Dy-NTK: Dynamic Neural Tangent Kernel

Updated 26 October 2025

Dy-NTK is a dynamic framework that redefines the traditional NTK regime by leveraging spectral decomposition to identify and exploit informative parameter directions.
It integrates both linear (NTK) and quadratic (QuadNTK) components to efficiently learn mixed dense low-degree and sparse high-degree representations with reduced sample complexity.
By applying targeted regularization, Dy-NTK controls parameter dynamics along beneficial subspaces, ensuring improved convergence, stability, and generalization.

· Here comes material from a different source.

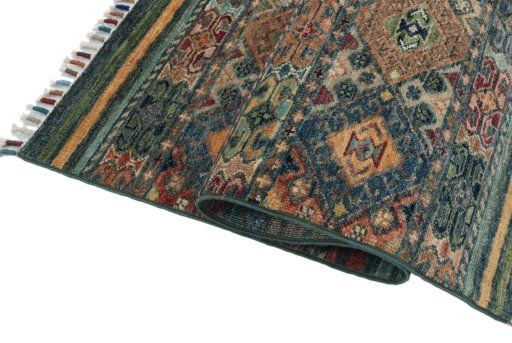 Close-up detail of New Samarkand rug from Pakistan showing Wool weave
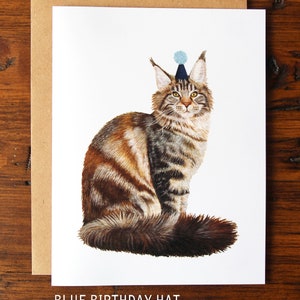 Carte de voeux aquarelle pour anniversaire Maine Coon, carte d'anniversaire chat aquarelle peinte à la main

Dy-NTK (Dynamic Neural Tangent Kernel) broadly refers to mechanisms for escaping or extending the classical NTK regime by controlling, adapting, or exploiting the dynamics and structure of the kernel induced by neural network parameter evolution. The foundational setting is the “lazy training” regime, where the network behaves as a linearized model at initialization, represented by a fixed NTK. While the NTK captures optimality for certain function classes—particularly dense, low-degree polynomials—it imposes fundamental limits for feature learning, representation adaptation, and sample complexity in broader settings. Dy-NTK approaches combine spectral, optimization, and architectural tools to exploit higher-order dynamics, improve sample efficiency, and adapt to richer targets through nontrivial directions in parameter space.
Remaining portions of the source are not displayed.